[Data excerpts]

------------

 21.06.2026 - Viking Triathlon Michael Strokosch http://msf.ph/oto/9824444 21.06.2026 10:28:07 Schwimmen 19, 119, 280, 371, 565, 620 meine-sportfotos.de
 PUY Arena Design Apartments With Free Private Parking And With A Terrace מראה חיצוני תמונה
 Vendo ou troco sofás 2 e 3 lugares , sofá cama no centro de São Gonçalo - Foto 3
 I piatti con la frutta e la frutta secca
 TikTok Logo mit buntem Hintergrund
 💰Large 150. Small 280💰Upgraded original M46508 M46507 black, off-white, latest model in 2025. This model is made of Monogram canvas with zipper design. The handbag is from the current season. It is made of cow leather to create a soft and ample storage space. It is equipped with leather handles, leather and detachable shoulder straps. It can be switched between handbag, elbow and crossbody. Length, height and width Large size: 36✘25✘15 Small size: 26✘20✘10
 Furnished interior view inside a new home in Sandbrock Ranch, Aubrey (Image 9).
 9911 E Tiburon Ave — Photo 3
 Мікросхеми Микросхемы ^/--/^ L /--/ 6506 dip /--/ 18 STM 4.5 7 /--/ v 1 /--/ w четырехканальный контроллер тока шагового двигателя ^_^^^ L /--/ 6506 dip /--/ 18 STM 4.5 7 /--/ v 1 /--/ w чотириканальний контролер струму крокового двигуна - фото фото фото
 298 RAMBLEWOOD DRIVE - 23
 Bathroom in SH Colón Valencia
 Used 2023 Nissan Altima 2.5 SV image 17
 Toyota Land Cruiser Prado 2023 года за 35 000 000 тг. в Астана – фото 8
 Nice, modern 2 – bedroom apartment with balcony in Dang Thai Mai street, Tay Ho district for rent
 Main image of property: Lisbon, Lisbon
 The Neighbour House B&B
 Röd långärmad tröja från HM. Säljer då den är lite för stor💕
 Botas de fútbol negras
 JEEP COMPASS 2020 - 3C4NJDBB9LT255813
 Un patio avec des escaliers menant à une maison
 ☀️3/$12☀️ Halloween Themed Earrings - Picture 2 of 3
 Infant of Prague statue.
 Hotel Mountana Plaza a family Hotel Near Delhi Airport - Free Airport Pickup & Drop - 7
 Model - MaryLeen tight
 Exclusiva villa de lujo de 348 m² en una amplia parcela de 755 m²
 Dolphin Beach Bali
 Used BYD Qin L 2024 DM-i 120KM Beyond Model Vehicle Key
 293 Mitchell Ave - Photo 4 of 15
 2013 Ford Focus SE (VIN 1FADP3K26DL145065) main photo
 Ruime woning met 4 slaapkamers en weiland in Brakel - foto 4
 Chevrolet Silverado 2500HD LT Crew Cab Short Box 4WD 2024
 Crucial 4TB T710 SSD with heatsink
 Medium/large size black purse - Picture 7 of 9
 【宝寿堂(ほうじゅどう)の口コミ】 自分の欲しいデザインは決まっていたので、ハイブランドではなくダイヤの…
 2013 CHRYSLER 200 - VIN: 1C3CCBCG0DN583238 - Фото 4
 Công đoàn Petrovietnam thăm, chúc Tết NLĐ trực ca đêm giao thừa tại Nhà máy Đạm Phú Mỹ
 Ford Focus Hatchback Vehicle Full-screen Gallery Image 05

------------

● What you should do
Having output the line that contains "TikTok Logo mit buntem Hintergrund", stop. Every line before it, back to the first line of the data, must be reproduced exactly.

● Response box
 21.06.2026 - Viking Triathlon Michael Strokosch http://msf.ph/oto/9824444 21.06.2026 10:28:07 Schwimmen 19, 119, 280, 371, 565, 620 meine-sportfotos.de
 PUY Arena Design Apartments With Free Private Parking And With A Terrace מראה חיצוני תמונה
 Vendo ou troco sofás 2 e 3 lugares , sofá cama no centro de São Gonçalo - Foto 3
 I piatti con la frutta e la frutta secca
 TikTok Logo mit buntem Hintergrund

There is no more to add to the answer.